The Intergovernmental Panel on Climate Change is composed of hundreds of scientists who provide the United Nations research and climate recommendations. Its most recent report says Africa is vulnerable because its low coastlands and tough crop conditions that make intense droughts and floods, two impacts of climate change, even more devastating.
They add Africa lacks technology to replace old polluting energy sources.
Scientists link climate change to Africa's more intense flooding this year, which has killed hundreds, displaced more than one-million people and wiped out crops and entire villages.

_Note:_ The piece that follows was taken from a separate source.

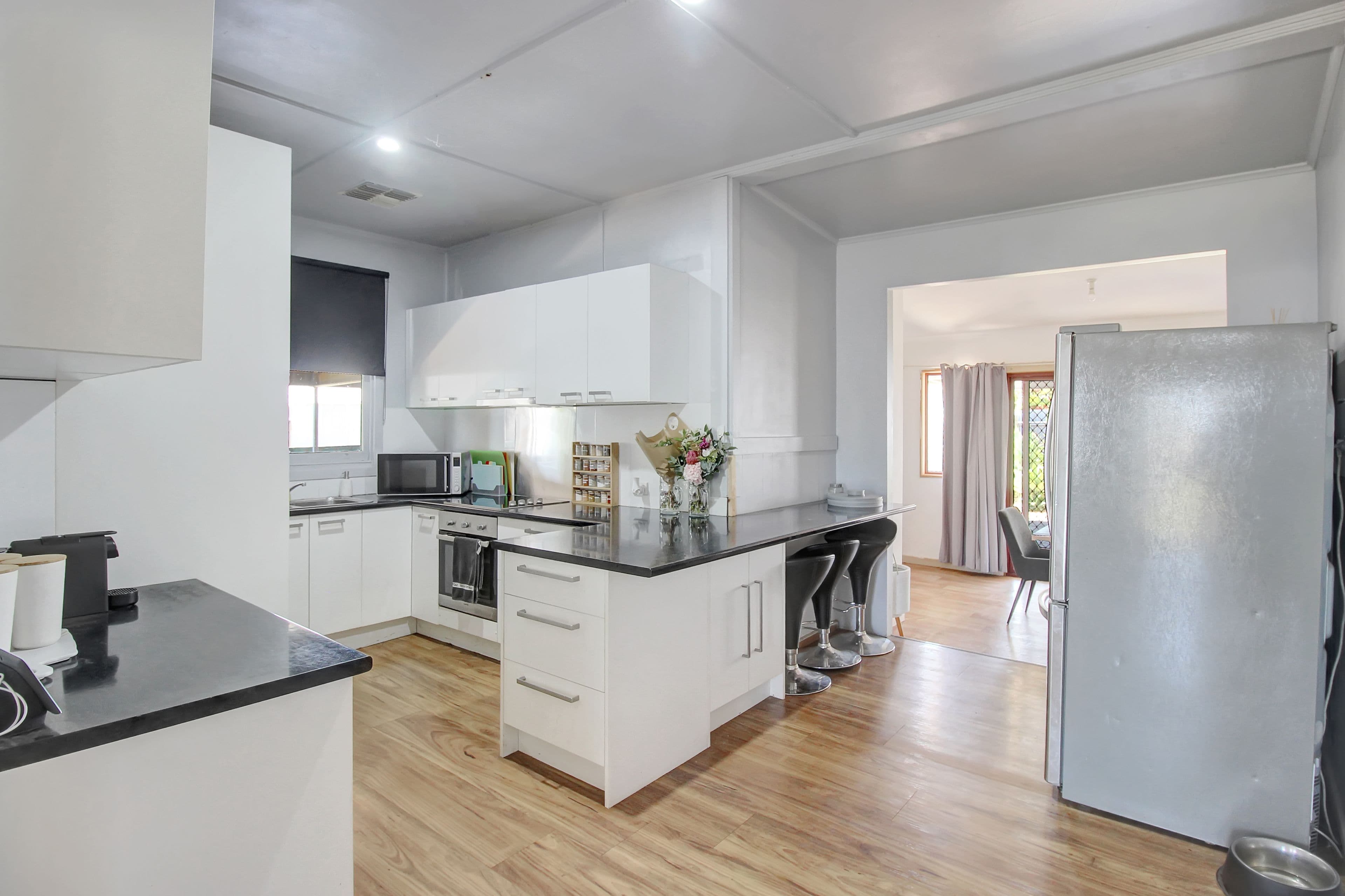 23 Cates Avenue, Waikerie SA 5330, Waikerie - Thumbnail 4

Monday's meeting will cover financing, mitigation, or reducing carbon emissions, adaptation, which is dealing with the inevitable changes from temperature, and technology.
Discussions to create a new climate agreement will continue at the scheduled U.N. Climate Change Conference in Bali in December. If created, this new agreement will eventually replace the Kyoto Protocol, in which more than 160 countries agreed to reduce how much carbon dioxide they release.